Acórdão nº 562/2002.C1 de Court of Appeal of Coimbra (Portugal), 12 de Dezembro de 2006
Magistrado Responsável | TELES PEREIRA |
Data da Resolução | 12 de Dezembro de 2006 |
Emissor | Court of Appeal of Coimbra (Portugal) |
Acordam na Secção Cível do Tribunal da Relação de Coimbra I – A Causa 1. A...
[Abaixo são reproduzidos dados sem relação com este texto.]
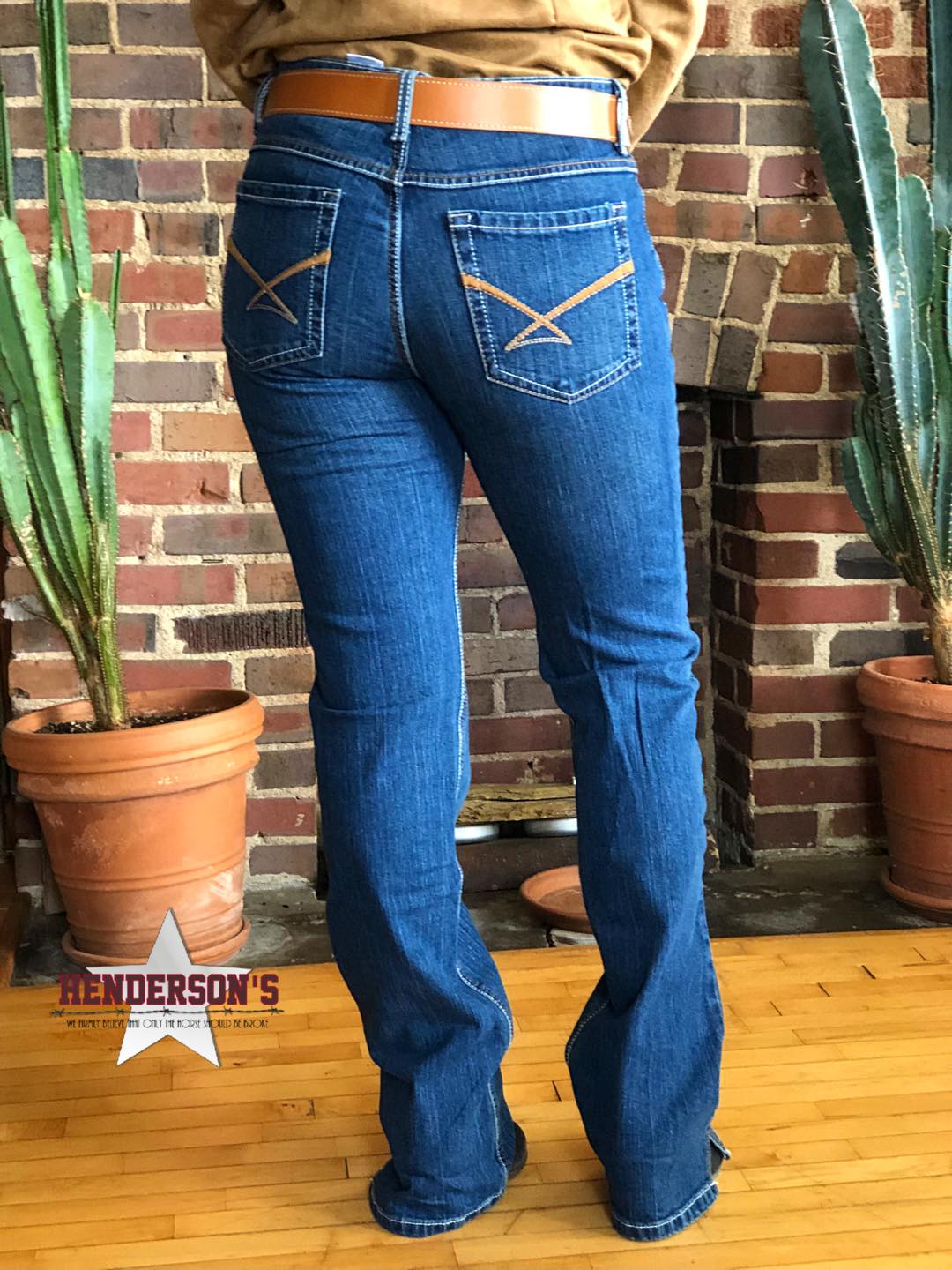 Ladies Kylie Cinch Jeans 29/7 Long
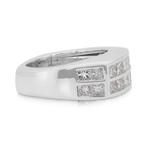 Ring - 18 karaat Witgoud - 2.22ct. tw. Diamant (Natuurlijk), Nieuw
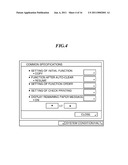 PRINTING APPARATUS AND CONTROL METHOD OF EXECUTING CHECK PRINTING diagram and image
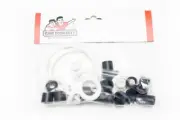 Sega Apollo 13 Pinball Machine Replacement Repair Rubber Ring Kit White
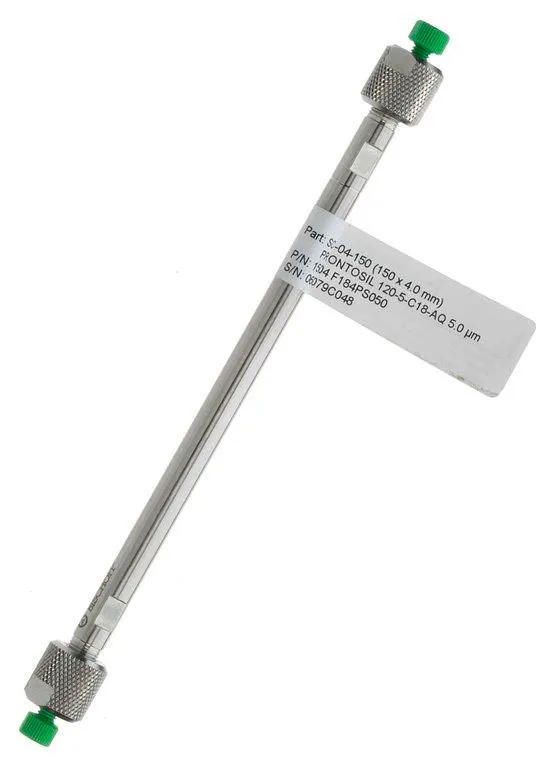 ProntoSIL 120-5-Amino H 5µm 300x4,0mm HPLC column 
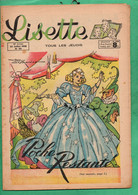 Magazine Lisette  No 30  ( 25 Juillet 1948 ) - Lisette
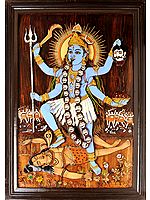 Goddess Kali (Framed)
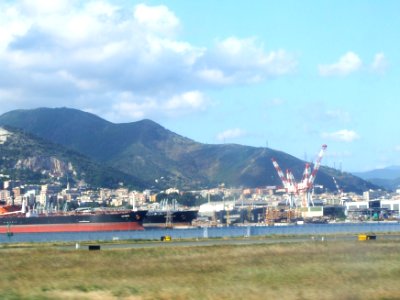 DSCF3875-Genova-Airport-Liguria-Italy-Castielli CC0 HQ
(A., neste recurso Apelado), menor, representado por sua mãe, B... [ A acção foi intentada inicialmente pela mãe do menor, em seu próprio nome. Posteriormente, correspondendo ao convite formulado, nos termos do artigo 265º, nº 2 do Código de Processo Civil, através do Despacho de fls. 34, foi apresentada uma nova petição (cfr. fls. 45/47) na qual figura como A. o próprio menor, representado por sua mãe (v. artigo 1869º do Código Civil).
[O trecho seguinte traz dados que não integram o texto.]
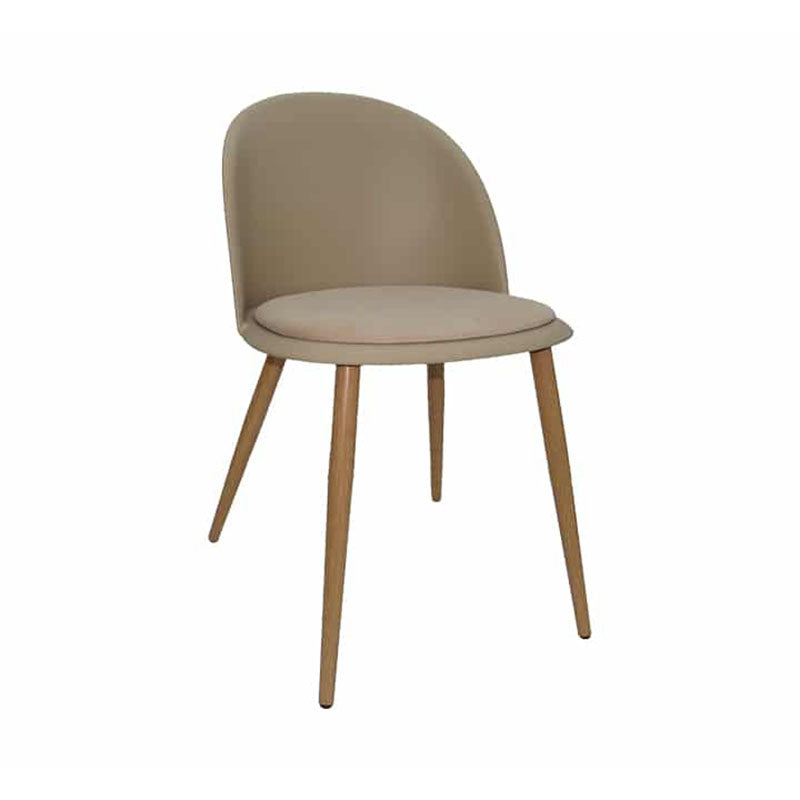 Maddie Chair With Velvet Cushion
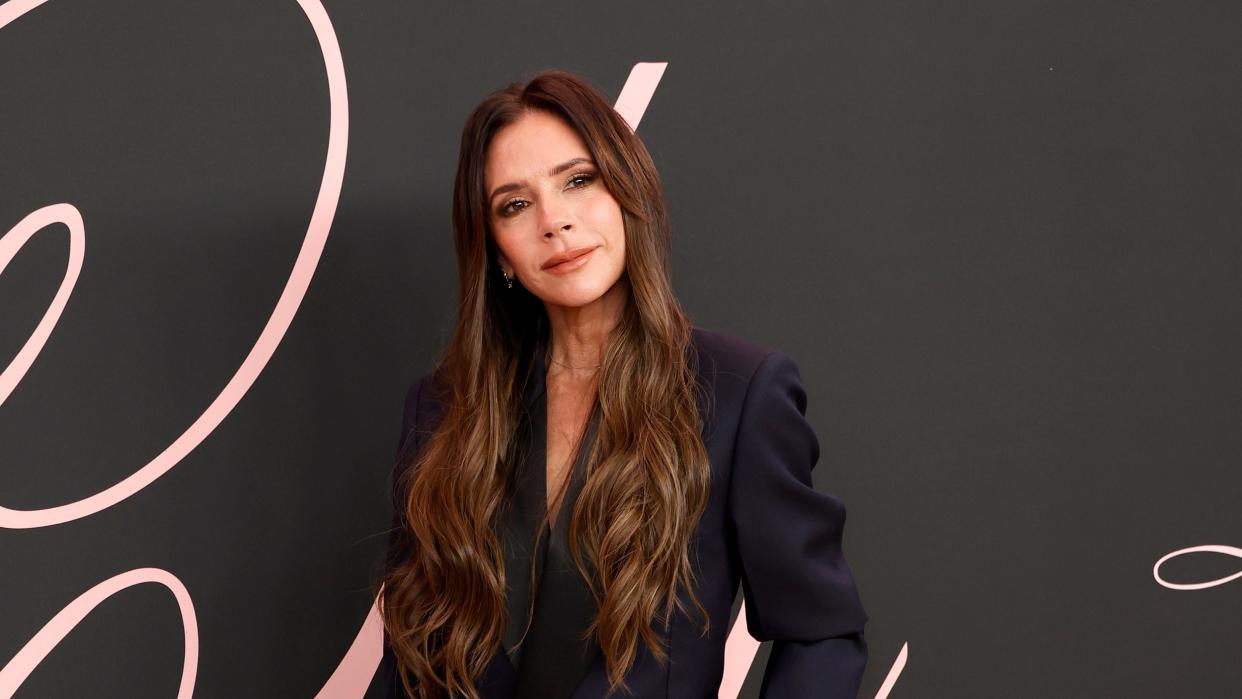  Victoria Beckham attends the premiere of "Lola" at Regency Bruin Theatre on February 03, 2024.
], intentou, em 3 de Setembro de 2002, no Tribunal de Viseu (3º Juízo Cível), a presente acção ordinária, dirigindo-a contra C...
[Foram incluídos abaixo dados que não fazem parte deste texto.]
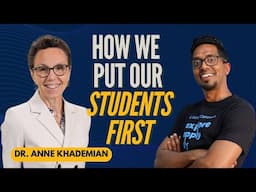 Creating Systemic Change for Students | Anne Khademian, President of Universities at Shady Grove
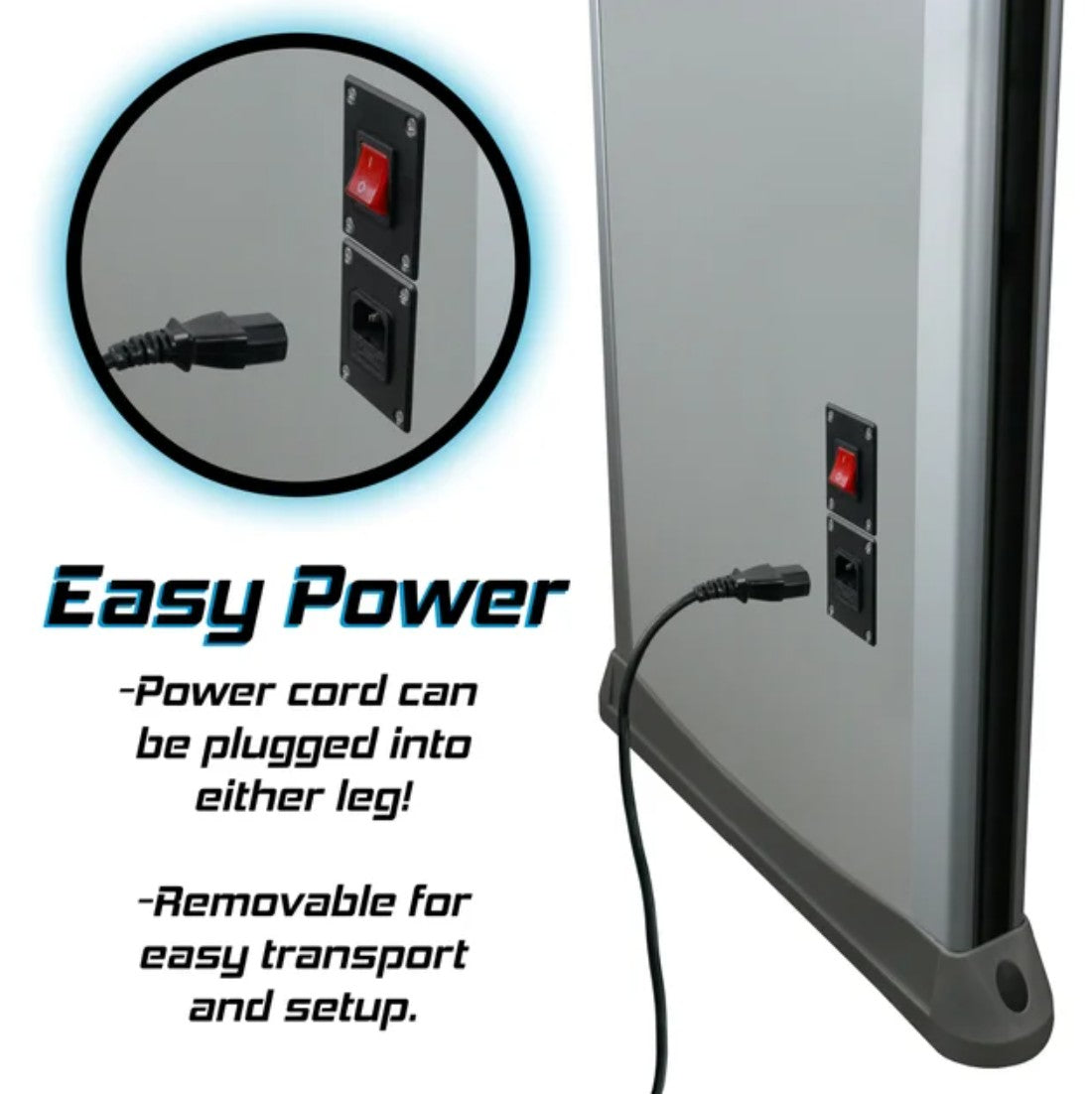 Metal Defender 步行通过式金属探测器 MD-6-ADA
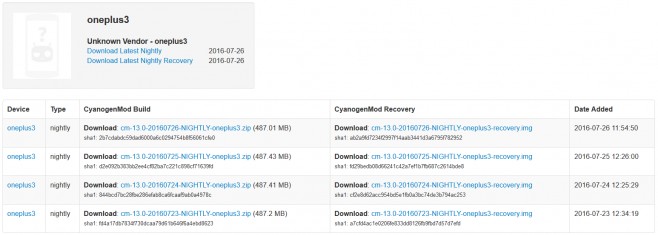 CyanogenMod 13为OnePlus 3 Now官方，可用夜生活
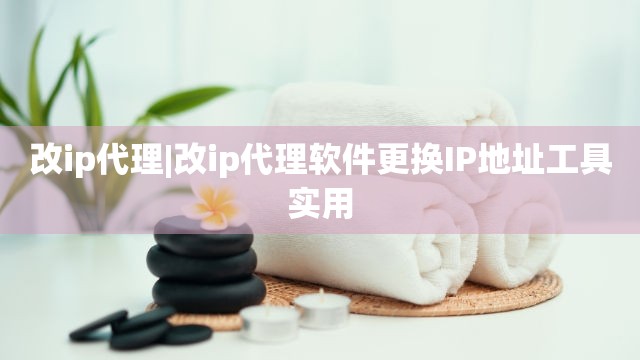 改ip代理|改ip代理软件更换IP地址工具实用
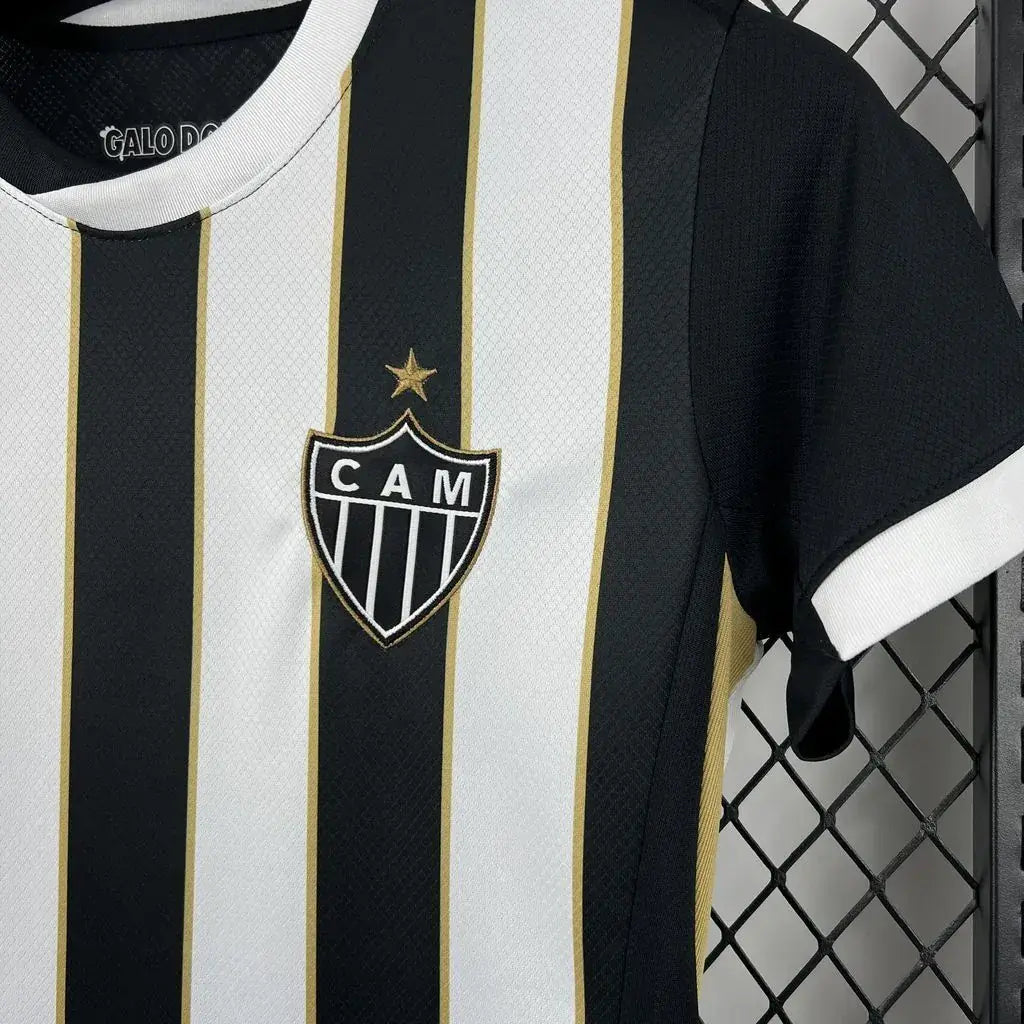 Atlético Mineiro 2026-2027 Home Fan Jersey Women - View 5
(R. , neste recurso Apelante) e pedindo o reconhecimento judicial de ser este (o R.) o seu (dele A.) pai. Logo na petição inicial – na qual alegou ser ele A. fruto das relações sexuais havidas entre a sua mãe e o R., concretamente das ocorridas entre Janeiro e Setembro de 1998[ O A. nasceu em 3 de Novembro de 1998, sendo que o respectivo “período legal da concepção” – ou seja, os primeiros 120 dias dos 300 que precederam o seu nascimento (artigo 1798º do Código Civil) – mediou entre 7/01/1998 e 6/05/1998.
] – requereu a realização de “exames hematológicos” visando comprovar o vinculo biológico de paternidade do R. relativamente a ele.
O R. contestou (fls. 27/30), negando ter mantido “[…] quaisquer relações de sexo […]” com a mãe do A..
Culminando a fase dos articulados foi proferido Despacho Saneador, fixados os factos (então) assentes e elaborada a base instrutória (fls. 51/53), apresentando A. e R. os respectivos requerimentos de prova (cfr. fls. 56/57 e 60), tendo o A. reiterado o pedido de realização de prova pericial consubstanciada no mencionado “exame hematológico”.
1.1.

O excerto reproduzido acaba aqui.